Par ailleurs, la controverse religieuse a également accompagné l’arrivée du thé et de ses ingrédients européens. Certains oulémas considéraient le sucre « chrétien » comme illicite quand d’autres refusaient le témoignage de tout buveur de thé. Derrière ces débats théologiques se cachaient souvent des enjeux économiques et politiques. Lors d’un pèlerinage en 1904, le cheikh Kettani, fondateur de la zaouïa Kettaniya, visita Marseille, grand producteur de sucre exporté au Maroc. Il voyait cette visite comme celle de la base ennemie, le sucre français drainant les finances du pays et l’empêchant de résister au colonisateur. Son opposition au thé allait même jusqu’à interdire la consommation d’atay à ses disciples. Bien que marginale, cette posture traduisait une forme de résistance anticoloniale.
Tout comme les rites du thé en Chine et au Japon, la cérémonie de l’atay au palais était codifiée. Le Maalem d’atay, maître de thé, présidait le service, dont le premier détenteur fut Ahmed Ben M’Barek, obtienant ainsi les faveurs du Makhzen.
Cette cérémonie commençait par la préparation du plateau et des verres, toujours plus nombreux que les invités, agencés harmonieusement. Sur un plateau plus petit étaient disposées trois boîtes, « ar-Raba‘i », contenant le thé, le sucre et la menthe, parfois remplacée par d’autres plantes aromatiques.

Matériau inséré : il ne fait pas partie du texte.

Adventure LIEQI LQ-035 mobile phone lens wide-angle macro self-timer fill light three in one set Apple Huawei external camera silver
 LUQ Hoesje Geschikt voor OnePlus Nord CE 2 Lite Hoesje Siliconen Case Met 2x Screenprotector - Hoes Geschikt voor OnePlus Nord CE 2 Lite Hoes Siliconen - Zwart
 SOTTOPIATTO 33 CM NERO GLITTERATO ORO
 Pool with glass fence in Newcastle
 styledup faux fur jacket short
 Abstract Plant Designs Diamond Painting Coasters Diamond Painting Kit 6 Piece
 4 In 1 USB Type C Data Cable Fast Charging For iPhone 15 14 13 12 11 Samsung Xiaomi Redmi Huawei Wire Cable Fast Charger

La préparation du thé devant les convives, orchestrée comme un art, obéissait à des règles précises. Le maître de maison ou l’invité le plus âgé officiait en tant que « moqim ». Après s’être lavé les mains, il prenait une dose de thé adaptée à l’assemblée et ses années d’expérience. Les feuilles étaient rincées puis infusées avec un peu d’eau frémissante et de sucre. Quelques verres étaient servis pour rectifier le sucre et laisser infuser, avant de distribuer le thé à la menthe, versé de haut afin qu’une mousse légère se forme, occupant le quart de la tasse. Ainsi, en parcourant un long voyage depuis la Chine en passant par l’Europe, le thé est devenu l’atay, la boisson magique des Marocains, qui séduit chaque visiteur par ses effluves envoûtants et sa cérémonie raffinée. L’atay reste le témoin des récits tissant l’histoire du pays.